Stability of steady flight
CHAPTER 9
The preceding chapters have provided the analytical and aerodynamic tools needed to analyze the dynamic behavior of flight vehicles. We now apply them to a consideration of the stability of small disturbances from steady flight. This is an extremely important property of aircraft—first, because steady flight conditions make up most of the flight time of airplanes, and second, because the disturbances in this condition must be small for a satisfactory vehicle. If they were not it would be unacceptable for either commercial or military use. The required dynamic behavior is ensured by design—by making the small-disturbance properties of concern (the natural modes, Fig. 3.6) such that either human or automatic control can keep the disturbances that ensue from atmospheric motion, movement of passengers, etc., to an acceptably small level. Finally, as pointed out in Sec. 5.10, the small-disturbance model is actually valid for disturbance magnitudes that seem quite violent to human occupants.
To study the stabihty of the linear/invariant systems that result from the small-disturbance approximation, we need only the eigenvalues of the system. If the real parts are negative, the system is stable. More complete information about the characteristic modes is usually wanted, however, and is supplied by the eigenvectors.

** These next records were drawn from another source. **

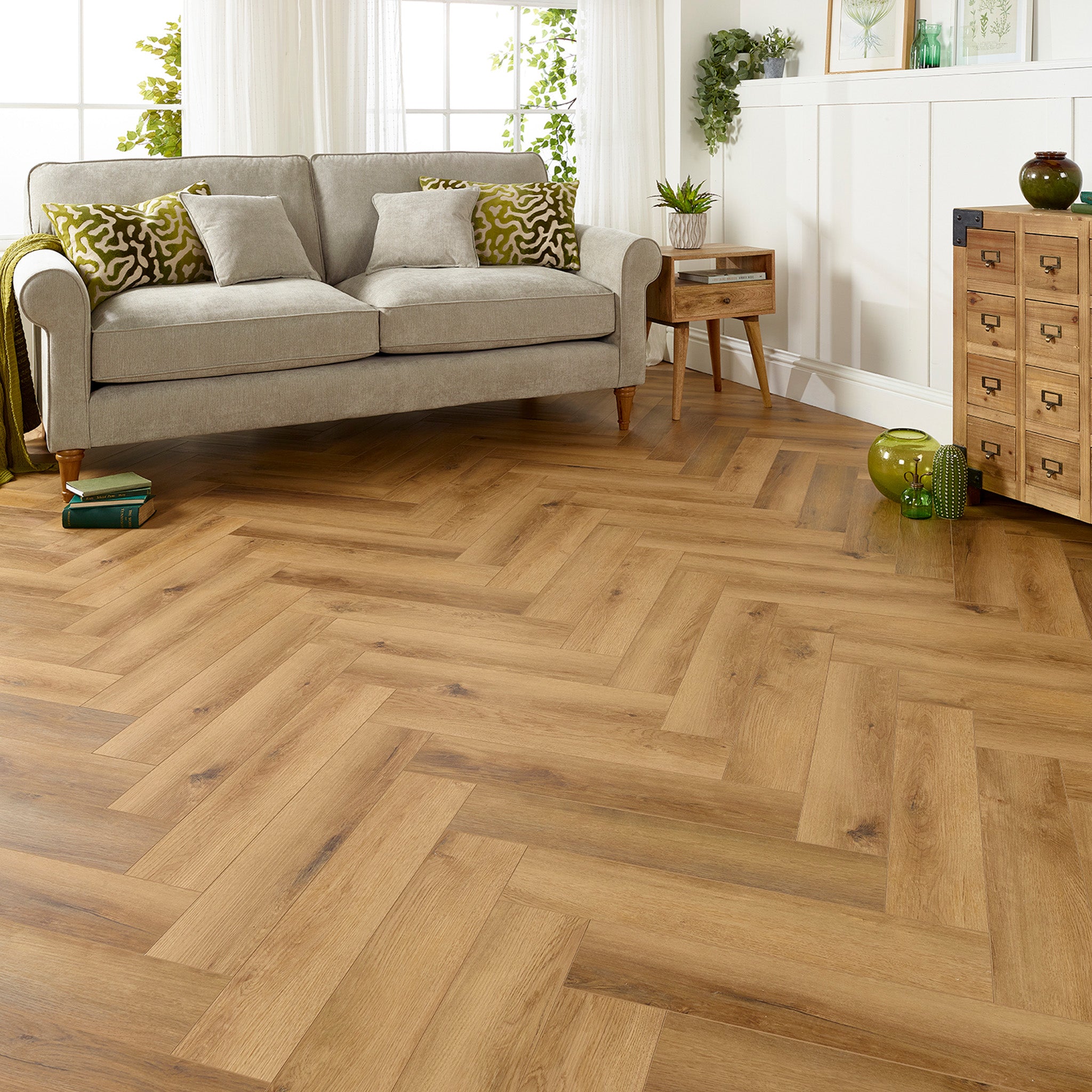 Hydro Loc Warm Oak 6mm Herringbone Waterproof Click Vinyl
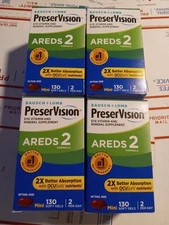 4x Bausch + Lomb PreserVision AREDS 2 Formula 130 softgels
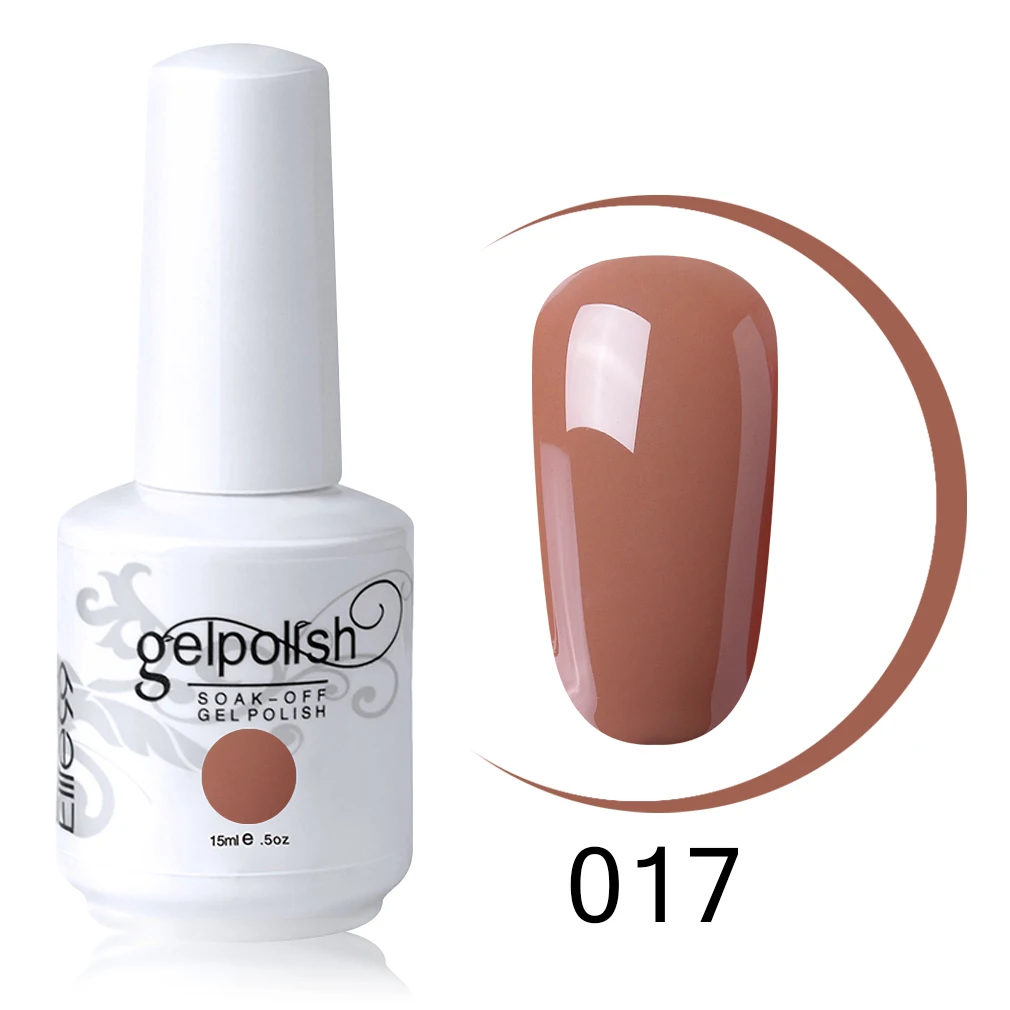 Elite99 15ml Soak Off Nail Gel Polish Semi Permanent Nail Art Manicure Gel Varnish Top Base Coat Needed Lacquer Gel For Nail - Color: 017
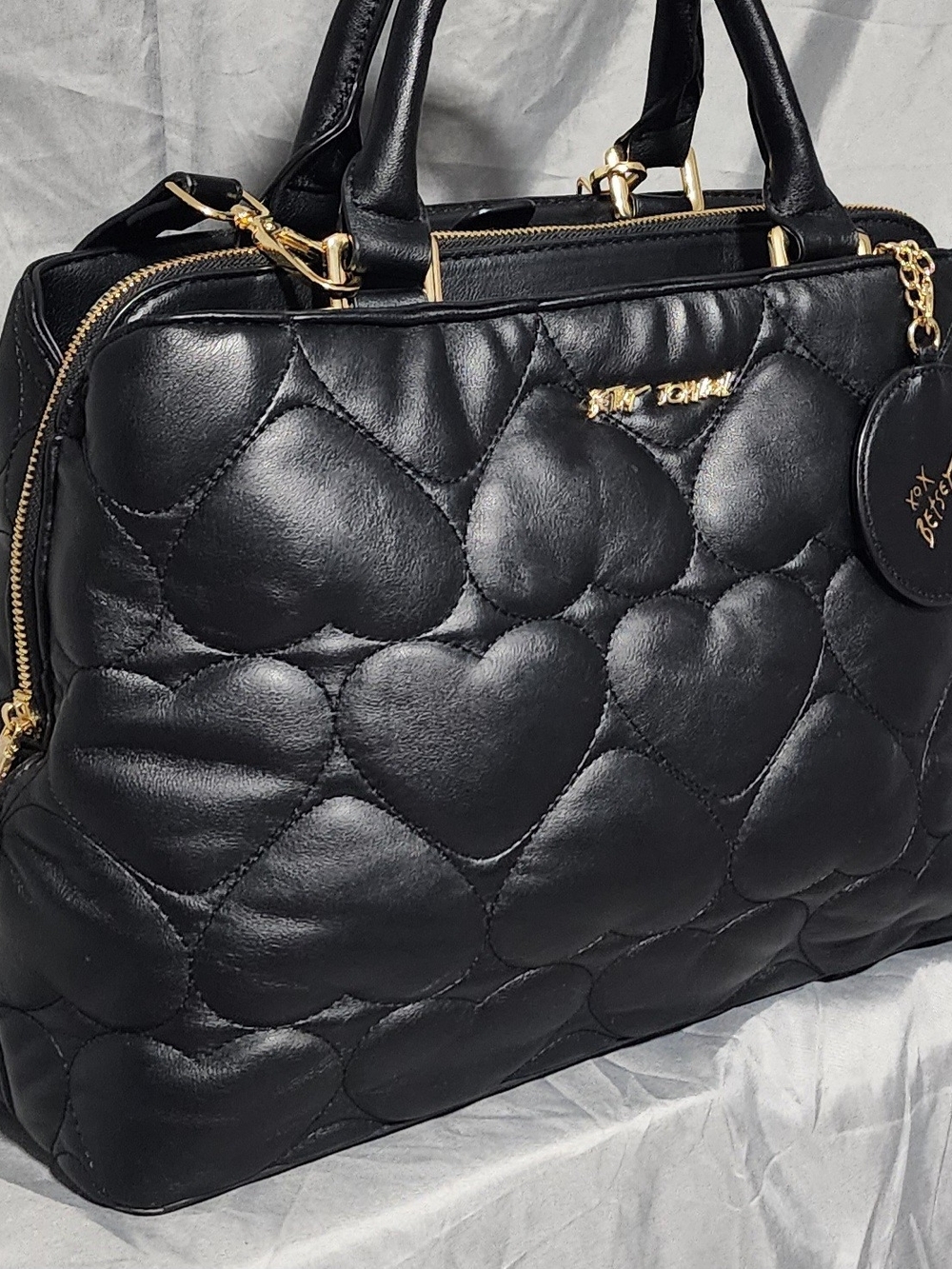 Betsey Johnson Large Black Quilted Puffy Heart Pattern Satchel Shoulderbag Purse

The complete solution for arbitrary initial conditions in the autonomous case follows directly from the eigenvalues and eigenvectors—it is given by any of (3.3,9), (3.3,13), or (3.3,49).
For the most part, the equations of motion are too complicated, even when linearized and simplified as far as is reasonable, to arrive at analytical results of general validity. Hence the technique we use is to demonstrate representative behavior by numerical examples. From these, certain useful analytical approximations can be inferred.